3. Chinese Culture and Language
I am immersed in Chinese culture and surrounded by the language. I love experiencing such a rich, interesting and often very unique culture right up close and personal. My children, despite going to an english speaking school, live and learn about Hong Kong and Chinese every single day. They appreciate the food, they experience the festivals and celebrations, they learn both Cantonese and Mandarin, they understand how to survive on the local streets and markets and appreciate how local people live. We’re not your typical expat family. Part of moving here was to give our children an appreciation of one of the cultures they come from and Hong Kong has lived up to and exceeded that. I have gotten to explore beautiful temples, understand the local culture and appreciate the identity unique to Hong Kong. I get to experience and understand this city in a way few New Zealanders do. I am honoured to be a part of it.

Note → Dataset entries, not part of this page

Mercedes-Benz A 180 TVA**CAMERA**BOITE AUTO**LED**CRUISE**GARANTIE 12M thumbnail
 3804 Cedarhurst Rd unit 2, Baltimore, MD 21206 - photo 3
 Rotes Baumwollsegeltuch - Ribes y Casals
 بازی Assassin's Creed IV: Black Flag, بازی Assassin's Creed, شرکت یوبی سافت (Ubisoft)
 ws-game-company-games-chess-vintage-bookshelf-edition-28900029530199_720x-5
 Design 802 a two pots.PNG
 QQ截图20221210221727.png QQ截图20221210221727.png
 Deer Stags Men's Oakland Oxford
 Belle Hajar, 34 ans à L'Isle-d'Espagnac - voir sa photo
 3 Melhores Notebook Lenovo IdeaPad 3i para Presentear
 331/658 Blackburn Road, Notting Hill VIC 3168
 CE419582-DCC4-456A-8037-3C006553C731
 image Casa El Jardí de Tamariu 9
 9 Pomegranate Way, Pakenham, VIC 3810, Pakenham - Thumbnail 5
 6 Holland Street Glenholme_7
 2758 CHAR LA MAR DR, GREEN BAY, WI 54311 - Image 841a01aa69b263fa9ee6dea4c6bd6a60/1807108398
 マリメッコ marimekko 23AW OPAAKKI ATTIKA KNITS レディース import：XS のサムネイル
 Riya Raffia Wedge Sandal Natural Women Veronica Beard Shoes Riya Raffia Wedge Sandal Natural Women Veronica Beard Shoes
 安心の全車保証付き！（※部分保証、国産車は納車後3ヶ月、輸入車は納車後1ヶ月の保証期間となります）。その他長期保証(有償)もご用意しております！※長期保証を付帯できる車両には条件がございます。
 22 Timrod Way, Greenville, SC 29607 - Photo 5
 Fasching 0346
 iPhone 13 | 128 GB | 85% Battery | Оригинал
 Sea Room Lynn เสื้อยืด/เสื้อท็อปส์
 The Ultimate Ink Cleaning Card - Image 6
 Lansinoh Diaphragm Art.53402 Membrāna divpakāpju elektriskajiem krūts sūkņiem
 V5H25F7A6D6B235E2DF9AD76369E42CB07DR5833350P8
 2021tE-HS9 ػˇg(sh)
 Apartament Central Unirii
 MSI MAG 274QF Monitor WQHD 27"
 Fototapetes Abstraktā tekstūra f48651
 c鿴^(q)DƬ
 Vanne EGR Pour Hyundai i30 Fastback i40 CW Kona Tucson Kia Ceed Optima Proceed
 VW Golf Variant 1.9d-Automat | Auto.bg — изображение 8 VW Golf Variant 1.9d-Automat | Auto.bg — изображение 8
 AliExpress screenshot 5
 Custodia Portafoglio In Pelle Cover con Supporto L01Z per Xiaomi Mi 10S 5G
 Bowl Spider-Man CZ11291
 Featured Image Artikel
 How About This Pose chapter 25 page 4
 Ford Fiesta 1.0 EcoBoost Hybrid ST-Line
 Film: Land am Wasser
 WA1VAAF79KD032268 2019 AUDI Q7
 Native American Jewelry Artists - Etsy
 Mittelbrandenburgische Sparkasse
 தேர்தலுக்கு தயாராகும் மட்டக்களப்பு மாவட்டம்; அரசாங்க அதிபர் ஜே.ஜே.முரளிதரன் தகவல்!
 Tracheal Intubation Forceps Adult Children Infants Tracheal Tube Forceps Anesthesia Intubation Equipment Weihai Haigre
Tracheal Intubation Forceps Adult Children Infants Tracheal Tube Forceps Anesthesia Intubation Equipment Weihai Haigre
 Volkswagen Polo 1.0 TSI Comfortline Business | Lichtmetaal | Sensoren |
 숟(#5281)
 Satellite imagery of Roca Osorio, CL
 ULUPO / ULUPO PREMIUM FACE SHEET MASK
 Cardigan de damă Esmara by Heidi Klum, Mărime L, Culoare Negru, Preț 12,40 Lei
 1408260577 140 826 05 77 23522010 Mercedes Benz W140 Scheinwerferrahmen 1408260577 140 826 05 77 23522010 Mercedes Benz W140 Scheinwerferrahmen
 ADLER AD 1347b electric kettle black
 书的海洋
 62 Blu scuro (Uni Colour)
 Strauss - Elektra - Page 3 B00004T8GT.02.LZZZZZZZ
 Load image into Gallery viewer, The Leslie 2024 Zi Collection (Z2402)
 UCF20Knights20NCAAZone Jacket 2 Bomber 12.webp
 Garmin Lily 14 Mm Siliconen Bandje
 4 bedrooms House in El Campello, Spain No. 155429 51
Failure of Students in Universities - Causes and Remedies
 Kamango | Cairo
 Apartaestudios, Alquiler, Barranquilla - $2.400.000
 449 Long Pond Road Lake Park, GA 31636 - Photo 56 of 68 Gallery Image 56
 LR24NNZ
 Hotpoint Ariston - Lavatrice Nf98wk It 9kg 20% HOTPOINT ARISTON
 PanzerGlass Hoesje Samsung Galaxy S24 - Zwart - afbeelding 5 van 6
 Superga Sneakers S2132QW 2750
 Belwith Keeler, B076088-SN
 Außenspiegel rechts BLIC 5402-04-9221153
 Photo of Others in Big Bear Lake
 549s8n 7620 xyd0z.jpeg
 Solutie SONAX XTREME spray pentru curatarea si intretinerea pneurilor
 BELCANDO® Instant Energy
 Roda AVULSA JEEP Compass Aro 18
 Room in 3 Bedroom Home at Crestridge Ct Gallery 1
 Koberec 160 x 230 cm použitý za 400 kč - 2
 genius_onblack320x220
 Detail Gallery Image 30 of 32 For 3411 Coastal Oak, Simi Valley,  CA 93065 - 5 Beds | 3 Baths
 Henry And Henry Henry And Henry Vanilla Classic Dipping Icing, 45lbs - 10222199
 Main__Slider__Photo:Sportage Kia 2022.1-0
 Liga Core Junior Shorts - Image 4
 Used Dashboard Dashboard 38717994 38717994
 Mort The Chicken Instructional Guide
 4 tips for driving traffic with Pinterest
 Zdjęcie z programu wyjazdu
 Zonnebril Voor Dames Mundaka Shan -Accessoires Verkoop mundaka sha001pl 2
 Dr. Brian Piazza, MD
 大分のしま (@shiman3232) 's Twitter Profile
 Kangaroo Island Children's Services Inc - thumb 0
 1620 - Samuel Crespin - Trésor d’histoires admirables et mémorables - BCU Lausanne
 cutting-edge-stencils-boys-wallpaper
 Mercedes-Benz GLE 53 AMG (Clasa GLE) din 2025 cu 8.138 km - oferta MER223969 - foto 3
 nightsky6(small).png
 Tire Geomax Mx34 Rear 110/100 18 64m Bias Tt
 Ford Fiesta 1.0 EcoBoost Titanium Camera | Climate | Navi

2. Location, Location, Location
If you had told me 6 years ago I’d have travelled to Borneo, India, South Korea or Taiwan I would have laughed at you. Those places seemed unrealistic and costly and I didn’t think I’d ever get to see them. I’ve been to all 4, and so many more places in South East Asia and beyond. Hong Kong really is a hub that gives relatively cheap access to holidays in interesting and diverse destinations. We haven’t even started to tap the number of places we can go and I’m itching to head back into China and see much of its hidden beauty and culture. With Hong Kong as my launching pad, I can (and will) make it a reality.
1. THE FOOD
Oh my god. Hong Kong is food heaven. It has almost everything. The restaurant diversity here is second to none. You know the local Cantonese food will be outstanding, and it is from the cheapest dai pai dong (hole in the wall food shop) to the flashiest Michelin restaurants. There are so many unique and creative local Chinese restaurants with great cuisine. It doesn’t stop there though. Asian food in general is fabulous here. You can hunt down outstanding restaurants for almost every type and style of ethnic or generic food your stomach desires and then some. Nepalese? Yep, Mediterranean? Yep. French? Yep. A classic Argentinian Steakhouse? Yep… Hong Kong has it all!
I’ve been told it would take something like 28 years to eat your way through all the restaurants in Hong Kong if you ate at each one once a day for either breakfast, lunch or dinner… When you think about that even with all the restaurants we have tried here we haven’t even touched the surface of eating our way through Hong Kong!
That’s my 10. Do you live in the fragrant city? What are the things you enjoy about living in Hong Kong?